Carefully articulating a new idea for ourselves is only half the battle. As collaborators we face the more difficult but critically essential task of explaining this idea to others. What words do we use? What language will our audience understand? And if we’ve followed good practice by ensuring a diverse group of collaborative stakeholders, the bar has been raised even further: what subset of our shared language will be most effective to ensure common understanding across a diverse team?

From my experience, the most common failure in team settings is mis-communication of ideas, most readily observed when group members freely, often unwittingly, talk past each other. In a fervent effort to make a point, we default to arguments grounded in our semantics of origin. So what happens? IT folks will talk technology. Accounting will talk about margins. Sales will talk about customer problems. Educators will talk about pedagogy. Academics will talk about epistemologies. With heightened energy, the vocabulary grows increasingly parochial and inaccessible, and the steeper the organization’s silo walls, the more entrenched the participants tend to be, and the more difficult language barriers are to cross.
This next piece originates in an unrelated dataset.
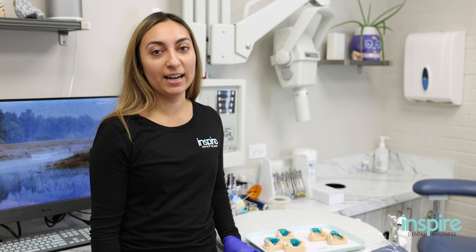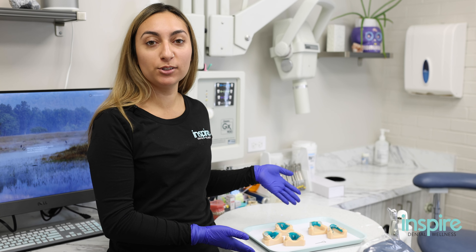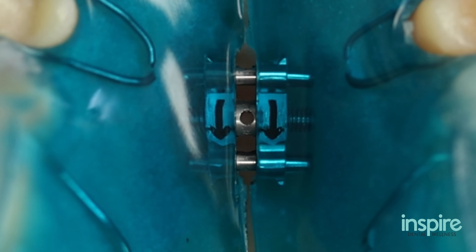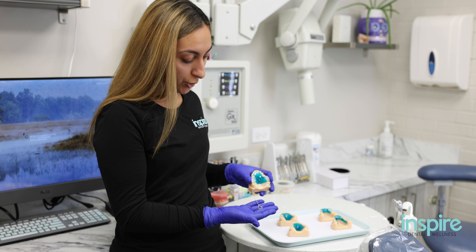Hi, I'm Jess. I'm the Ortho Assistant at IDW and I'm going to teach you how to turn your expanders. For our expanders, there are arrows and then there's going to be a hole. This is the key to turn your expander.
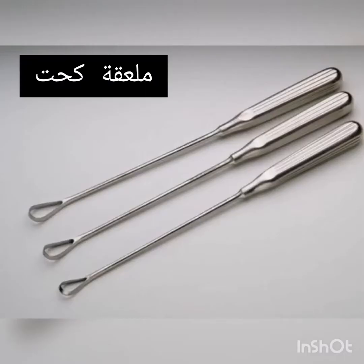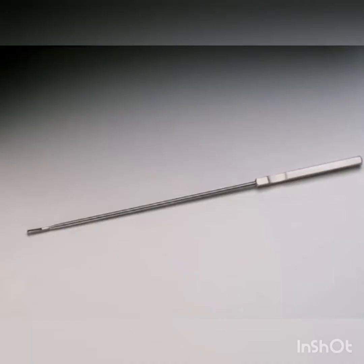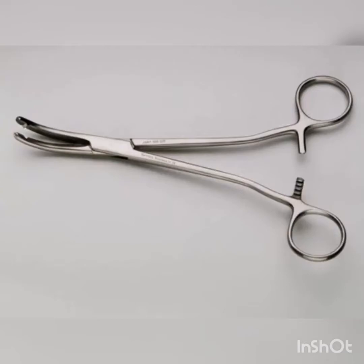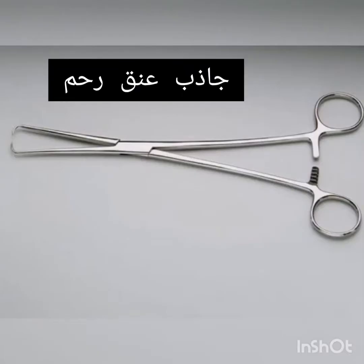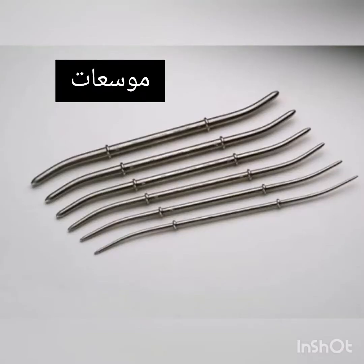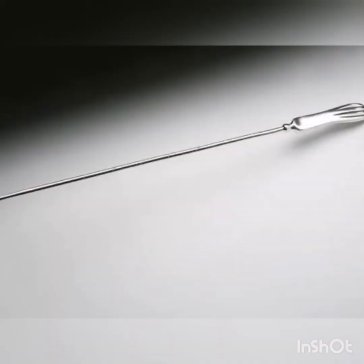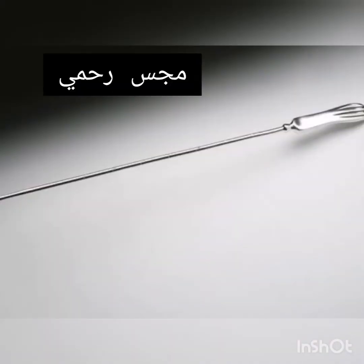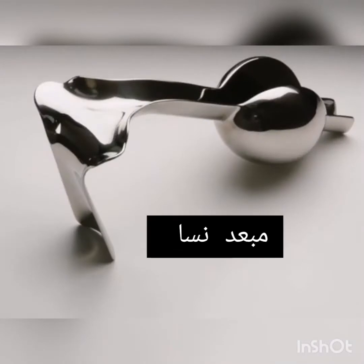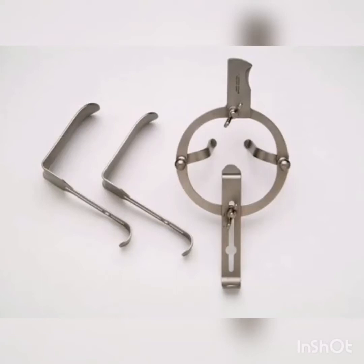Simms Uterine Curette. Kevorkian Endocervical Curette. Heaney-Ballantine Hysterectomy Forceps. Schroeder Tenaculum. Hanks Uterine Dilators. Hagar Uterine Dilators. Simms Uterine Sound. Auvard Weighted Vaginal Speculum. Graves Vaginal Speculum. O'Sullivan-O'Connor Retractor.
No wonder finding common ground can seem like a pipe dream.

So intentional collaboration places clear demands on semantic foundations. Defining key terms often helps. Project glossaries can go a long way.

Another strong approach (referenced previously in this blog, and elsewhere) is that of a solution language. The idea is to create common ground on the output side. We can define terms for the proposed solution set(s) that are literally grounded in a new language that is embraced by all. It is an extraction from the contributors’ source languages, an amalgamation of pieces and parts to create a viable whole. As the solution language is built, common ground is established in the process. In so doing, collaborators become more aware of their context of origin, better described as their comfort zone. With time and energy, many will see how cultural and linguistic boundaries can impact their collaborative engagement.

Peter Senge in the 5th Discipline, observes:

In dialog, people become observers of their own thinking.

then cites the work of the late physicist David Bohm, who researched collective learning among scientists. Bohm believed that we, as individuals engaged in collaborative dialog, can:

“… begin to correct incoherence in our own thinking. A kind of sensitivity develops that goes beyond what is familiar … (exposing) subtle meanings that lie at the root of real intelligence.”

Senge and Bohm share a deep sense for the requirements for team-based learning. Senge himself devotes many pages to language, and the evolutionary steps through which individuals must navigate to achieve value from a shared, collective learning model. Often, it means suspending bias inherent from professional education and what is often years working within a given specialty.

Thomas Kuhn’s thinking on the challenges and demands of paradigm shifts peers from these lines.

Wittgenstein’s foundational messages ring true throughout.

It’s easy to imagine ourselves standing before the locked door of critical thinking. We hold the keys in our hands, but remain dumbfounded about how to use them. When we attempt to collaborate, we stand before the same door with others, but we’re still at a loss; perhaps it’s even worse, arguing the course of action.

Language, like culture, is a profoundly rich, integral aspect of our social existence. I’ll summarize it like this:

Language is the master key to unlocking effective collaboration, opening the door to possibilities of what we can accomplish via intentional, purposeful dialog with others.

We can cast all this aside, broadcasting our views to the world at will. We can choose empty words with casual intent to impress, or use caustic words that serve only to bully, blame and obscure.

People do it every day.

The price? It’s a fundamental failure to be understood, preempting an exchange of ideas that could have emerged into something more. That spells disaster for progress in any language.